Zechariah has prayed for a child, and for a Messiah, for many years. His prayers have seemed to go unheard, and at least, unanswered. And then, after all seemed lost, he receives the too-good-to-be true message from the Angel that his wife is going to have a baby. And it's hard to blame him for asking, "How will I know?", even though this question is considered by many to be a lack of faith. He is unable to speak for the duration of Elizabeth's pregnancy. But when his son is born, he writes down, "His name is John," and then becomes able to speak, and even to prophecy about the new thing that God is doing.
I can relate to this elderly, barren couple, hanging on to faith, but harboring doubts. They want God to do a new thing in their lives, and in their community, but they are past expecting, past hoping. They don't want to say it, probably, but they have given up.
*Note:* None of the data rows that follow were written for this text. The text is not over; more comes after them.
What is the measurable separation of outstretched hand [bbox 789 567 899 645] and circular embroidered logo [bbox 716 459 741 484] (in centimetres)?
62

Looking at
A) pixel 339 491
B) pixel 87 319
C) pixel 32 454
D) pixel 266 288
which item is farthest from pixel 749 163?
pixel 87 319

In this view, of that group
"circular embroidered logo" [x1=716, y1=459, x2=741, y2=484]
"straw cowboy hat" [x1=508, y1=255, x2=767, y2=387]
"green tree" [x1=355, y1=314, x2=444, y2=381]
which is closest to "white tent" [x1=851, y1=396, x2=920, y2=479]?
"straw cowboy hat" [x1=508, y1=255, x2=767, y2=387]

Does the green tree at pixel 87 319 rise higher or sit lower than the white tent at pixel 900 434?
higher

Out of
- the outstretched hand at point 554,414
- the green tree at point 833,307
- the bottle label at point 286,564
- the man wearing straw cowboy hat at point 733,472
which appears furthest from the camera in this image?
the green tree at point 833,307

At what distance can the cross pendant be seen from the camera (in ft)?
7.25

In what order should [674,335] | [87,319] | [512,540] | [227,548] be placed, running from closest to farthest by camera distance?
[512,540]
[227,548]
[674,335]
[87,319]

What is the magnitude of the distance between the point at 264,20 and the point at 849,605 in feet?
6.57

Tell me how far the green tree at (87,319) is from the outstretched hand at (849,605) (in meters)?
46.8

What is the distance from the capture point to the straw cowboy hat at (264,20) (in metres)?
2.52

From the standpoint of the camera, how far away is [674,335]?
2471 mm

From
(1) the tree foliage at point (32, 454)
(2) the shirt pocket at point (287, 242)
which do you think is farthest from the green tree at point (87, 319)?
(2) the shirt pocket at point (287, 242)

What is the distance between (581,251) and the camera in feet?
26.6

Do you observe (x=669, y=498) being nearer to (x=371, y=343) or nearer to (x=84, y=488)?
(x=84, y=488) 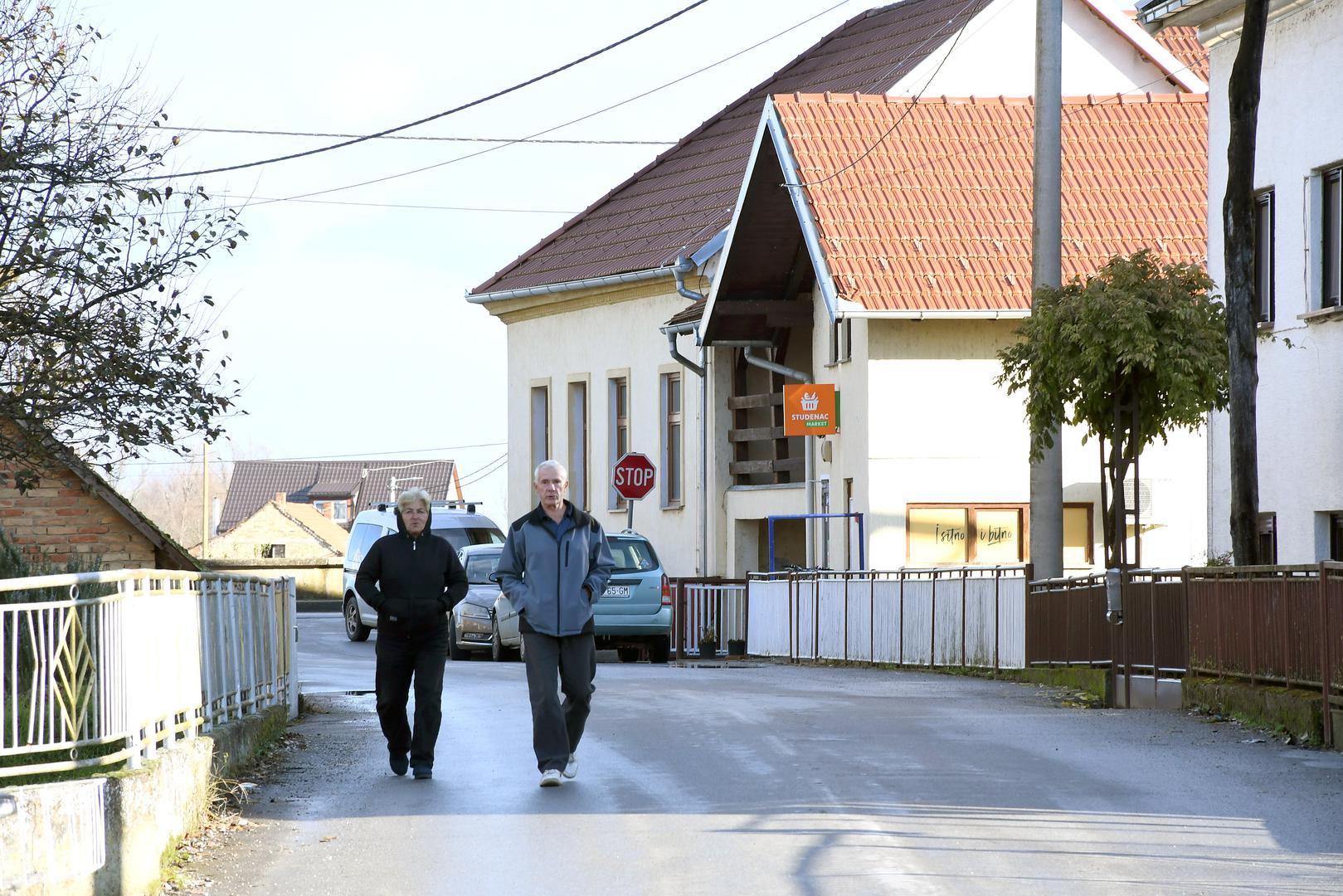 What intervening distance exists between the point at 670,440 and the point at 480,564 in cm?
1109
And after they are past hoping, past expecting, then God tells them they will be parents. Probably they are wondering if they have the energy for this, at the same time that they are rejoicing.
If we can't take John's judgment, at least, during Advent, we can take Elizabeth and Zechariah's barrenness, and understand the complicated and wonderful promise that God is giving to them, and to us. Into a world where we have given up, God comes and plants new life. Into a world barren of hope, God sends the gift of expectancy. It is enough, for right now, anyway.
Now that I think of it, that's as common thread in John the Baptist's message as well. Read between his harsh lines of judgment, and you can almost see the people leaning forward, "Is this the one? I mean, even tax collectors are coming to be baptized! It could be...."
Advent bookends: from being barren to expecting.